DUNEDIN, New Zealand — Everyone gets old. It’s an inevitable truth humans have come to terms with. How old you’ll live to, however, is another question. If you’re aiming for the century mark, researchers from the University of Otago say they know the secret. Avoiding smoking and maintaining an active social life are the common keys found among New Zealanders who live past 100.
The study collected data from 292 centenarians who were free of chronic diseases such as dementia, depression, diabetes, and hypertension. Over 103,000 people over the age of 60 were also included. All the participants were living in private residences at the time and were not receiving at-home care.
“Electing not to smoke and committing to maintain social networking will be the best investment one can make towards successful aging,” Associate Professor Yoram Barak says in a university release.
Commonalities among centenarians
The study shows having social activities of long-lasting interest helps decrease the chances of developing chronic illnesses. Researchers say anything from volunteering to attending a concert to playing golf with friends offers great aging benefits.
Keeping a healthy body is especially important in our first years as seniors. That’s because as we pass the age of 80, chances of developing dementia, depression, and diabetes actually start to go down. From ages 60 to 100 however, the risk of having high blood pressure increases by 30 percent.
Researchers say three out of four 100-year-olds in the study are women and are also more likely to be free of chronic illnesses. As of 2011, about 400 to 500 centenarians were living in New Zealand. Out of this group, only 40 had reached 105 years-old.

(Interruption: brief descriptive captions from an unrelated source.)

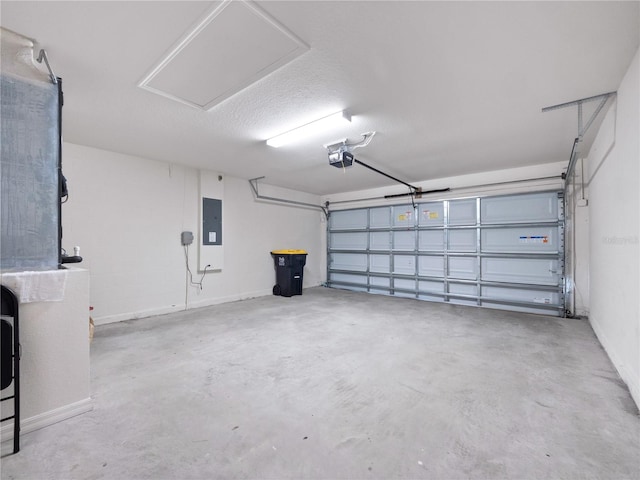 garage with electric panel and a garage door opener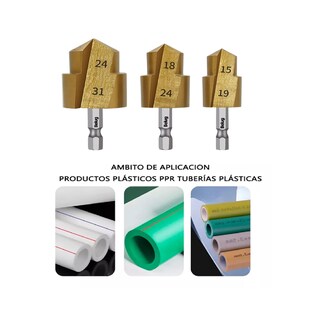 Foto 2 | Broca Escalonada De Elevación Ppr Brocas Para Taladro Belug 3 Pcs Dorado/plata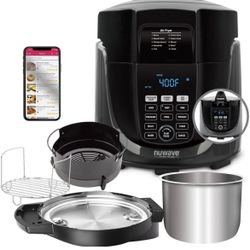Nuwave Duet Pressure Cook and Air Fryer Combo Cook; Stainless Steel Pot & Rack; Non-Stick Air Fryer Basket; Steam, Sear, Saute, Slow Cook, Roast, Gril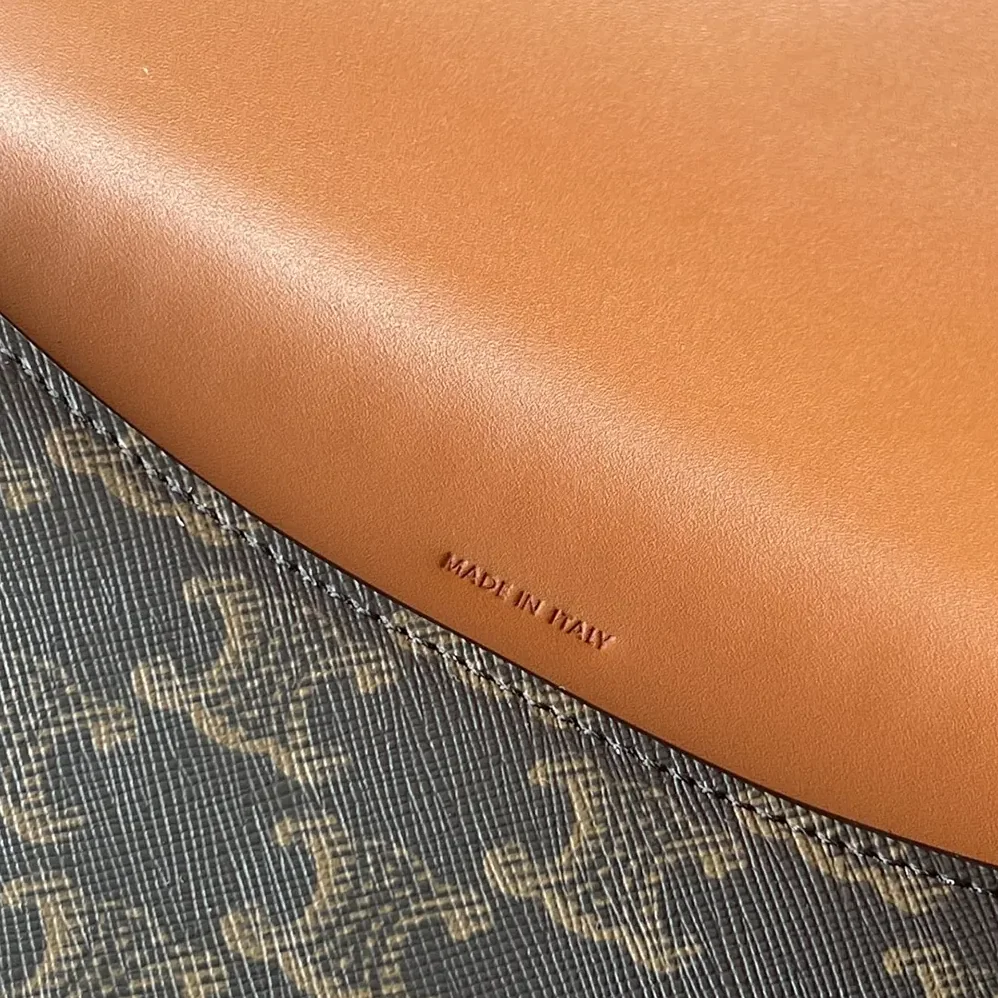 Celine Duo Wallet on Strap in Triomphe Canvas and Calfskin for Women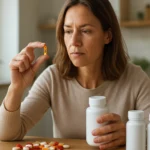 Žena zvažuje užitie vitamínu a multivitamínu pri stole.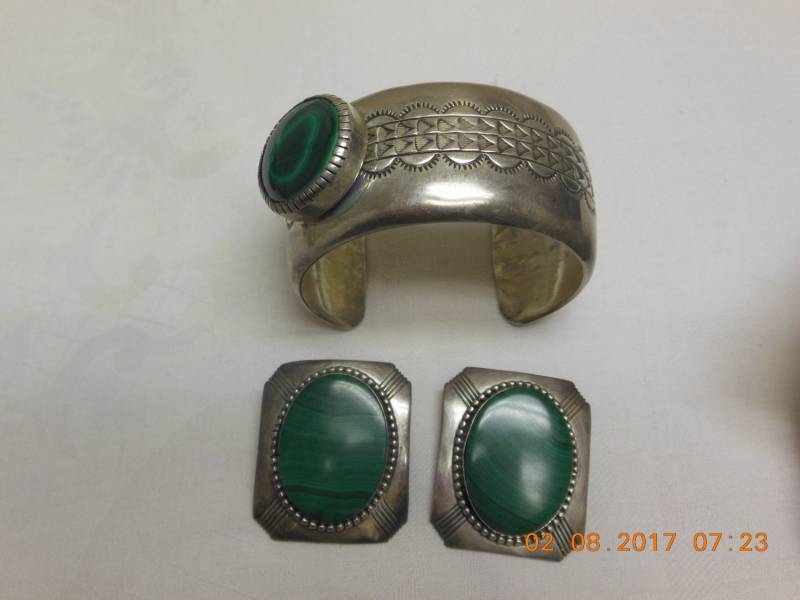 sterling Silber Set Bestimmen Armband Und Ohrringe Mit Jade von Medy53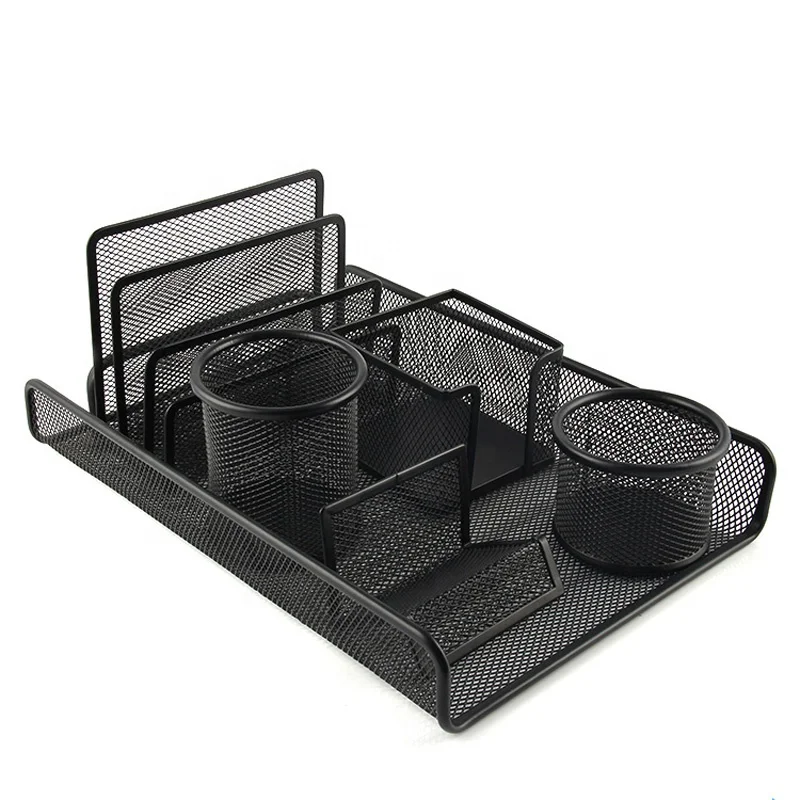 Hot Selling 6pcs Desk Organizer Set Metal Mesh Multi Function Pen Holder Desk Set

“Women have a longer life expectancy and are therefore more likely to be represented in centenarian studies. However, after correcting for this advantage, men who do make it to 100 years of age are more likely to be free of common illnesses,” Barak explains.
Home sweet home another key for long life?
Although the study finds there are more people in New Zealand living long lives compared to other countries, the authors note none of their participants are in assisted living facilities.
The Otago team says people living in their own home and community are likely to be in better health than those is hospitals and nursing homes.
The findings are published in the journal Aging Clinical and Experimental Research.